▶ [Activity]:
Only an exact copy is wanted: the lines from the one holding "PandaHall Plastic Claw" through the last line below, minus the pictures.
[Opening Provided data section]
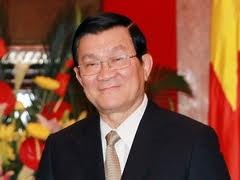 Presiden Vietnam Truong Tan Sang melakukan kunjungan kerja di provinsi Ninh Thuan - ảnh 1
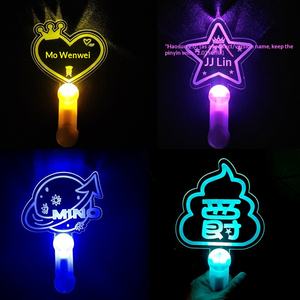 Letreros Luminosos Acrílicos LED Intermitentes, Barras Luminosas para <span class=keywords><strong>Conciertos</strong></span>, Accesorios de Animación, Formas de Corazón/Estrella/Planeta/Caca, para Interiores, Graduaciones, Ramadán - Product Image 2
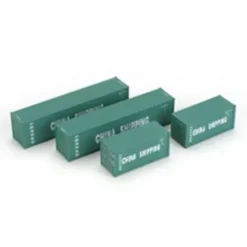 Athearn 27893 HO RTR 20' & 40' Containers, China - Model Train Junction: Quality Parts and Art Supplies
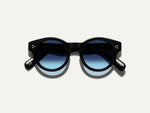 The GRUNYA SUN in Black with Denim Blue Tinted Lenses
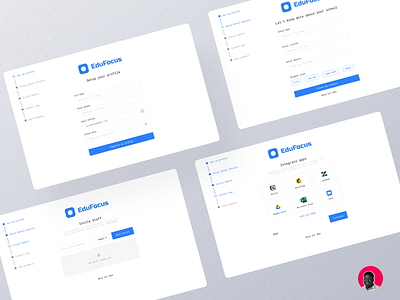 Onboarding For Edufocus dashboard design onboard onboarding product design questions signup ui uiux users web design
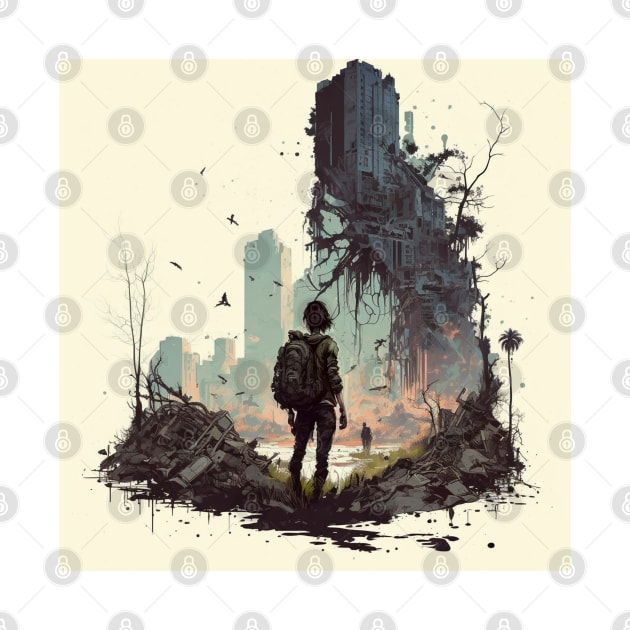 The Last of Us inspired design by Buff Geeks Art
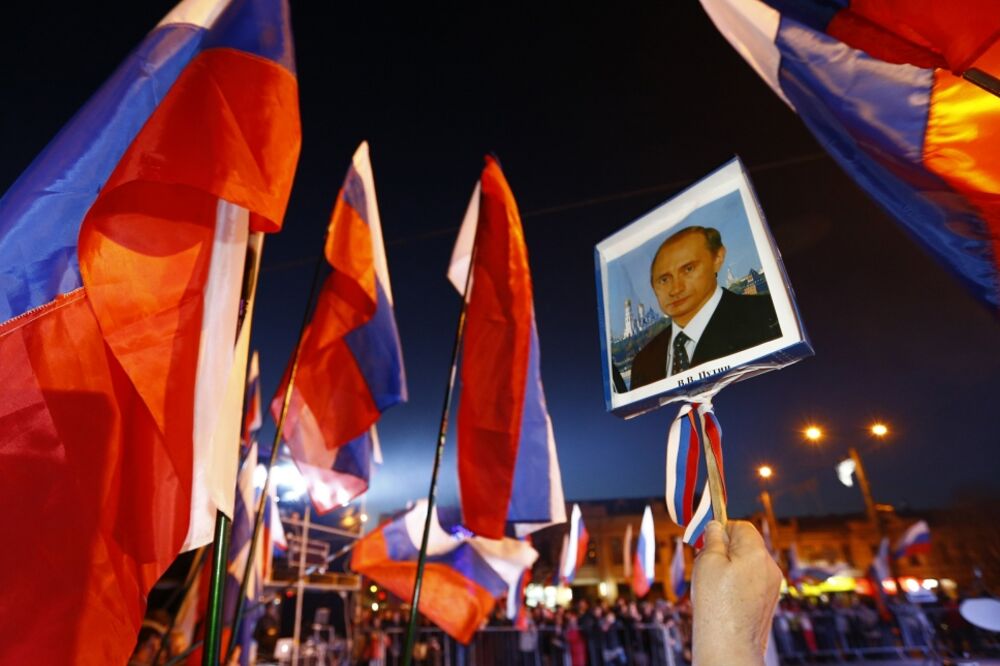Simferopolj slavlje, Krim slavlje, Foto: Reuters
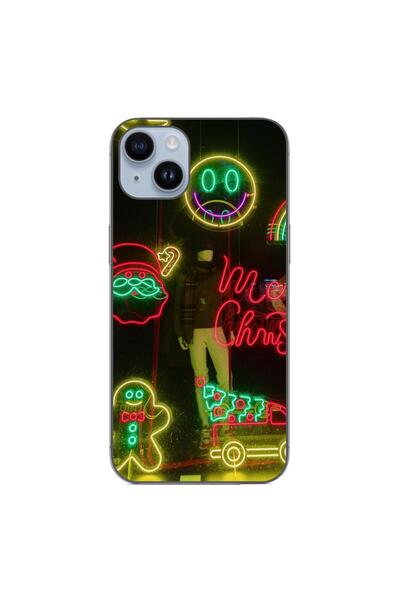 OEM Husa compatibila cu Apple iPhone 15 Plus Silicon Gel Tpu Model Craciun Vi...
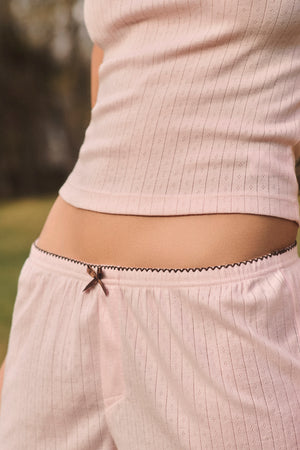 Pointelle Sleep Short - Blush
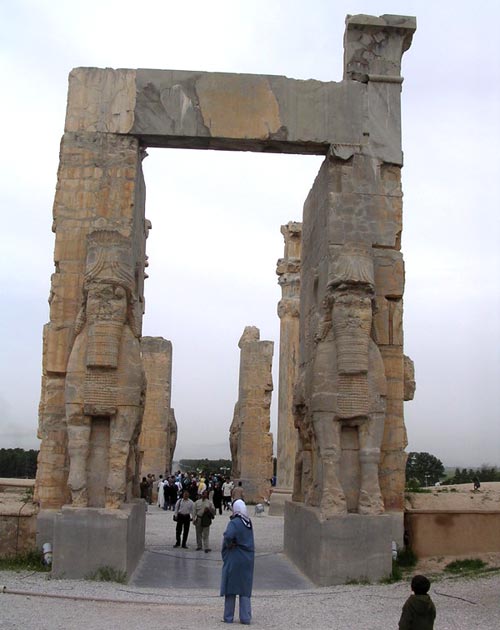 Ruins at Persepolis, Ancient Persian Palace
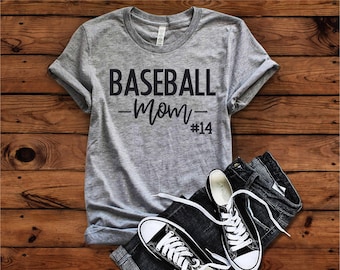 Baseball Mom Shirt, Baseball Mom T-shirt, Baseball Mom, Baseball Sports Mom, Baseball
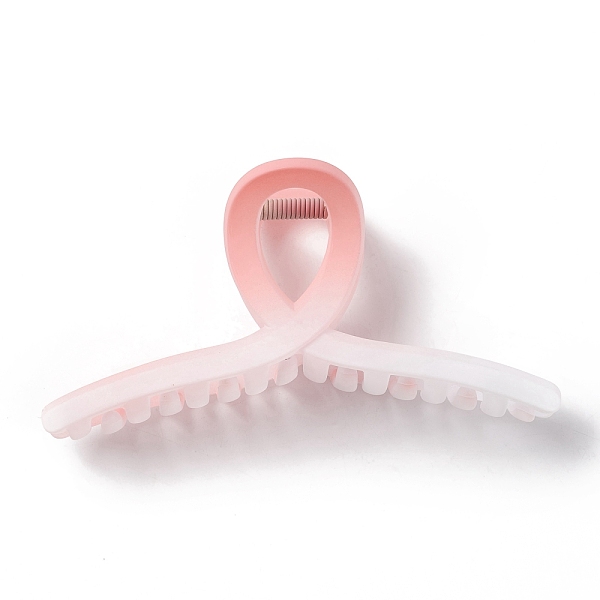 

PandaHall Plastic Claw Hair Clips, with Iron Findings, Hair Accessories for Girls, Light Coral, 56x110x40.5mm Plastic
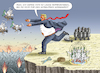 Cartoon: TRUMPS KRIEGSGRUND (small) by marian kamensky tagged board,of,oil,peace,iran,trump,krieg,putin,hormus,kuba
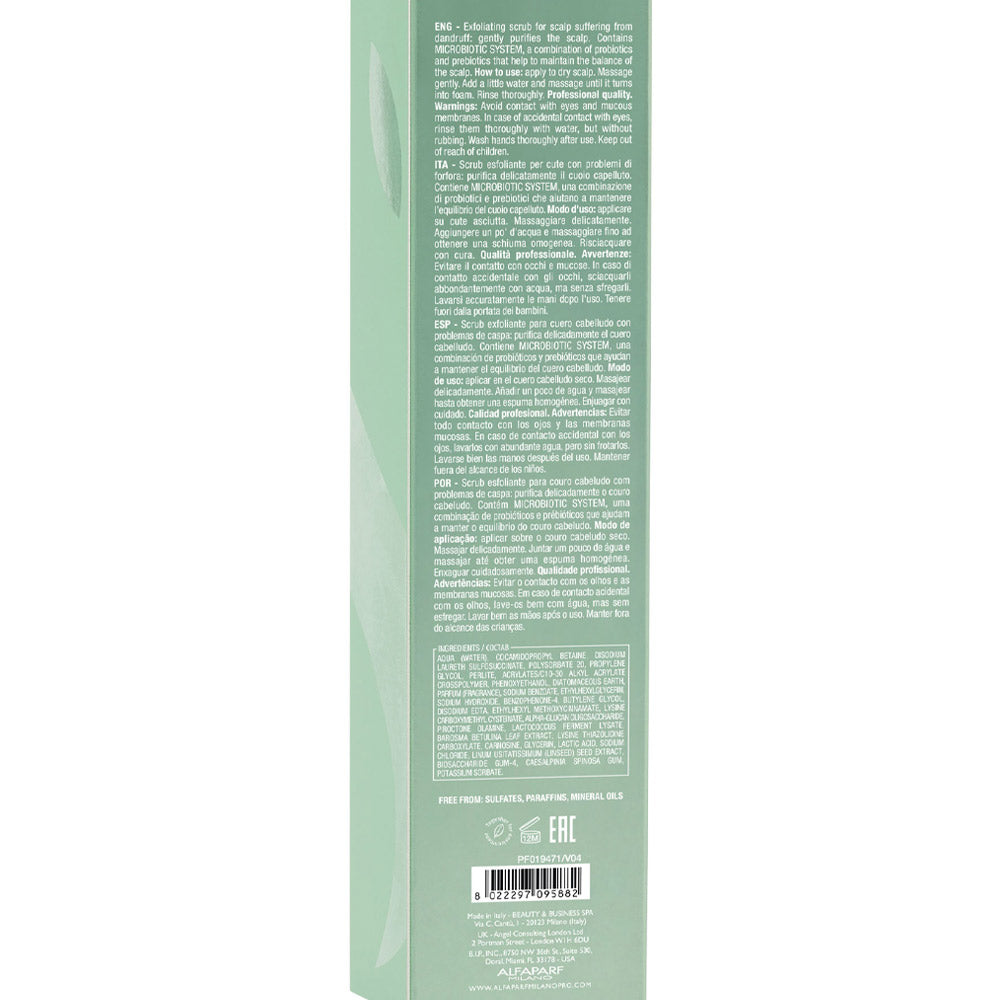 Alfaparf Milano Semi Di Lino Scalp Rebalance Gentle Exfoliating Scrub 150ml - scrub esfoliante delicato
[Closing Provided data section]
▶ [Response]:
PandaHall Plastic Claw Hair Clips, with Iron Findings, Hair Accessories for Girls, Light Coral, 56x110x40.5mm Plastic
 Cartoon: TRUMPS KRIEGSGRUND (small) by marian kamensky tagged board,of,oil,peace,iran,trump,krieg,putin,hormus,kuba
 Alfaparf Milano Semi Di Lino Scalp Rebalance Gentle Exfoliating Scrub 150ml - scrub esfoliante delicato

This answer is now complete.